Materials and Methods

Weedy Rice in the Soil Seedbank

The study was conducted during spring 2011 in rice production areas of five Italian provinces (Alessandria, Biella, Novara, Pavia, and Vercelli). The rice fields were chosen based on the number of years that CL rice varieties were planted consecutively (0, 1, 2, or 3 yr). The system of sowing rice for each field was also recorded. More than 50 fields of at least 1 ha each were sampled. Soil samples were collected in spring (April to May) after soil preparation and before field flooding and rice seeding. In each field, soil samples were taken from 15 different randomly selected locations using an 11-cm-diameter soil corer to a depth of 20 cm. Individual soil core samples from each zone were stored in plastic bags and kept in a 5 C refrigerated room to prevent seed germination before sample processing. Weedy rice seeds were extracted from each soil core independently, using equipment specifically constructed for this purpose (Figure 1). Weedy rice seeds were separated from soil by a high-pressure water wash. The seeds were then floated and separated from the water stream, first by a 2-mm-mesh sieve, and then by a 1-mm-mesh sieve. Seeds were counted in the laboratory. Seeds that were firm when pressed between the fingers were considered filled, while those that were soft or hollow were discarded. Each filled seed was de-hulled to determine pericarp coloration; red- or brown-colored seeds were classified as weedy rice seeds. The weedy rice seedbank density was expressed as number of seeds per square meter at a 20-cm depth.

Figure 1. Seed extractor used to remove weedy rice seeds from the soil samples.

Statistical Analyses

The weedy rice soil seedbank data showed a nonnormal distribution according to the Shapiro-Wilk test; therefore, the statistical analysis was based on nonparametric models.
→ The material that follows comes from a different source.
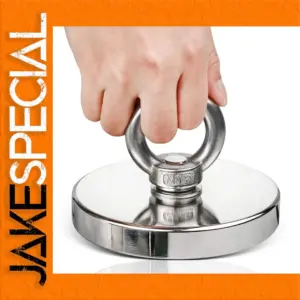 Super Strong Neodymium Fishing Magnet 134lbs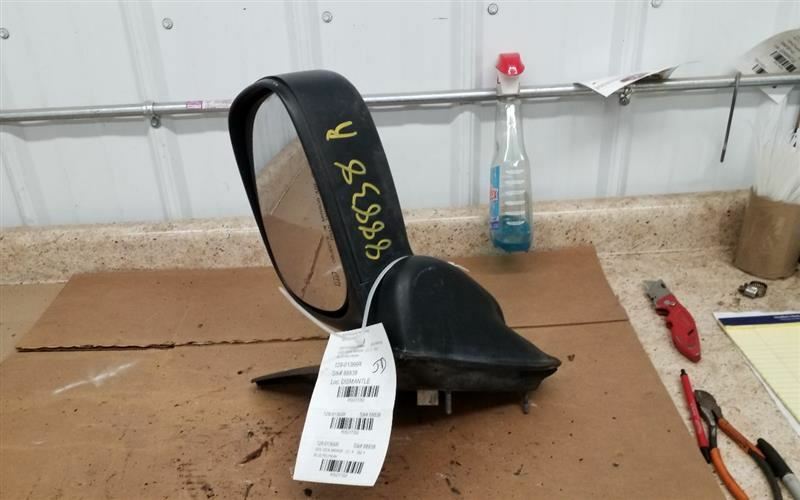 Passenger Side View Mirror Power Fits 03-09 DODGE 2500 PICKUP 217352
The fields were first grouped according to: (1) rice planting method (drill seeding in dry fields, broadcast seeding in flooded fields) and (2) number of consecutive years of CL rice cultivar (0, 1, 2, or 3 yr). The Mann-Whitney rank U-test, a nonparametric test that measures the differences between two independent groups of nonnormally distributed data, was used to compare the planting classes (P ≤ 0.05). Classes of fields cultivated consecutively with different CL varieties were compared using the Kruskal-Wallis test, a nonparametric test that measures the differences among three or more independent samples of nonnormally distributed data. After the Kruskal-Wallis test, the medians were separated using the Mann-Whitney U-test with a Bonferroni adjustment. Statistical analyses were conducted using IBM SPSS Statistics v. 26 (IBM Corp., Armonk, NY, USA).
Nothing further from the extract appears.